When I lived in the City, one of my favourite activities was to go dumpster diving, because you could find all sorts of amazing food in dumpsters without too much trouble. Some companies even made sort of a point of facilitating the process, without outright admitting that was what they were doing. Bread, chocolate, fresh fruit, exotic cheeses, produce, pasta…it was possible to assemble entire meals out of other people’s waste, and I’m not talking about food scraped from plates at restaurants, but whole orders of food discarded because they were past expiry, or not pretty enough, or overstocked.
Food waste is a chronic problem for grocery stores, bakeries, and some manufacturing facilities. They want to stock and make enough to meet the needs of their customers, without making so much that they end up with extreme leftovers. If they don’t make enough, people will complain, and if it happens often enough, customers will turn elsewhere to meet their needs. If they make too much, they end up wasting food, and because they can’t do anything with it, they reluctantly throw it away.
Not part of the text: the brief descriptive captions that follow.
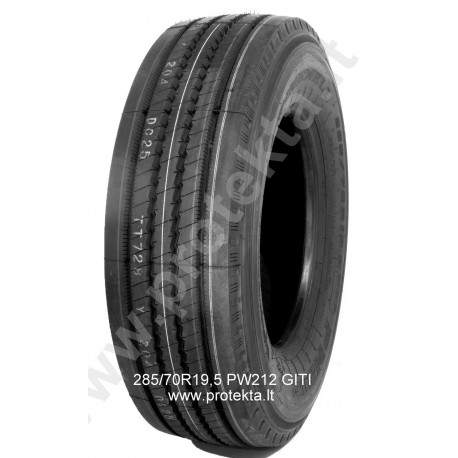 Padanga 285/70R19.5 PW212 Primewell 16PR 146/144L TL M+S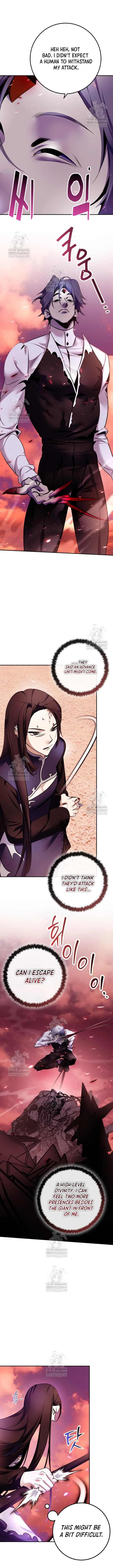 Read Return To Player EN Manga Online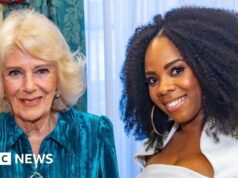 Os livros mudaram minha vida, diz o primeiro herói de leitura do Queen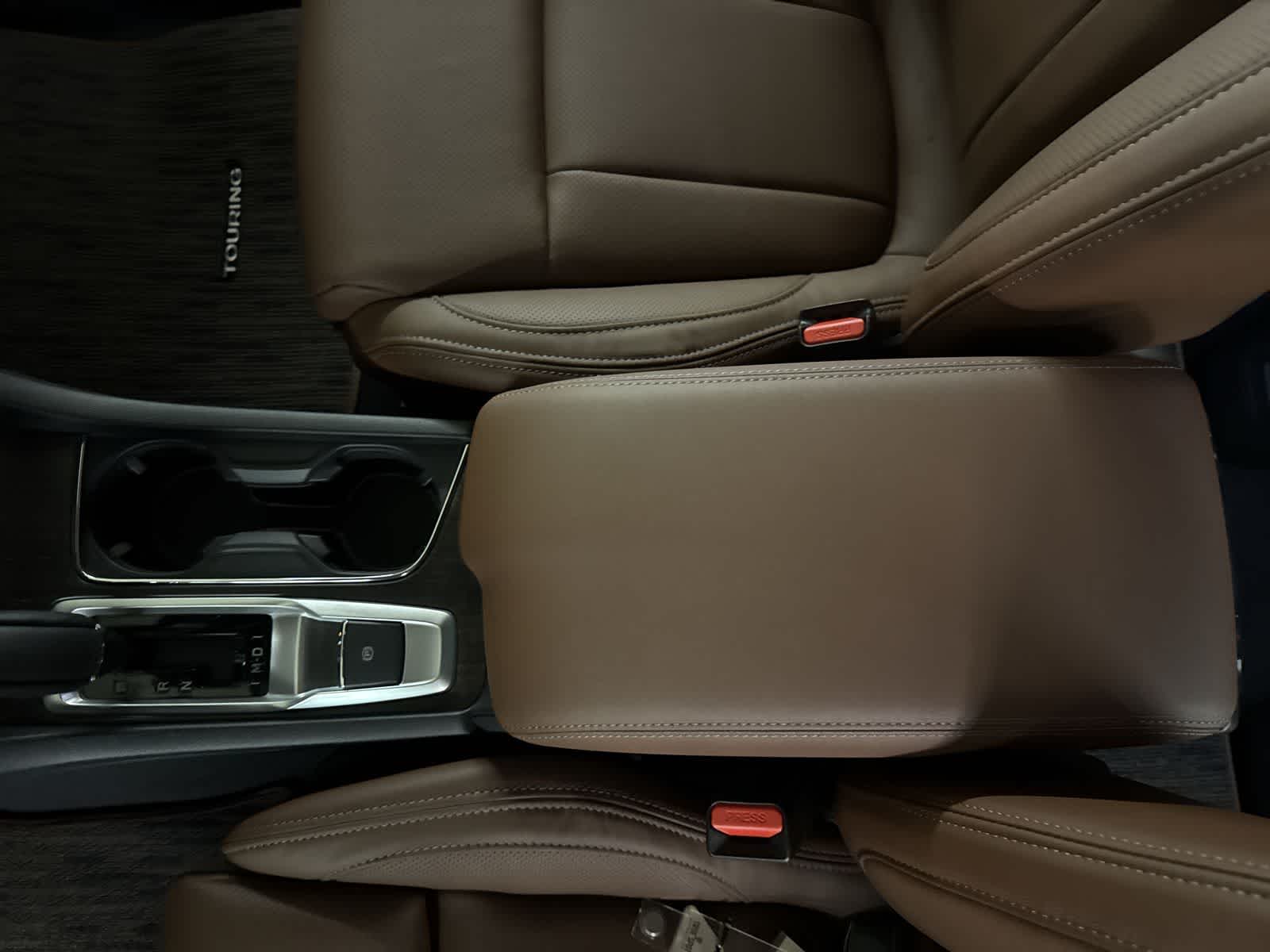 Thumbnail: 2026 Subaru Ascent - 30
Some donate to food banks, but this isn’t always an option. Food banks are choosy about what they accept for liability reasons, and likewise, donors are careful as well. If a store is discarding cheese that’s past expiration, for example, it doesn’t want to give it to a food bank because if someone gets sick, it could turn into a lawsuit. The only option is to throw it away.
Some stores use locked dumpsters or soil their food to ensure it won’t be reclaimed. This, too, is done for liability reasons; stores don’t want people suing for injuries, illness, and other issues that might arise. It’s also done out of a sense of meanness in some cases as well, since obviously stores would prefer that people come in to buy food, rather than taking it from the dumpster. Employees opposed to these policies may try to reach out to community dumpster divers to work out an arrangement that will allow for redistribution without putting them at risk, but this isn’t always possible.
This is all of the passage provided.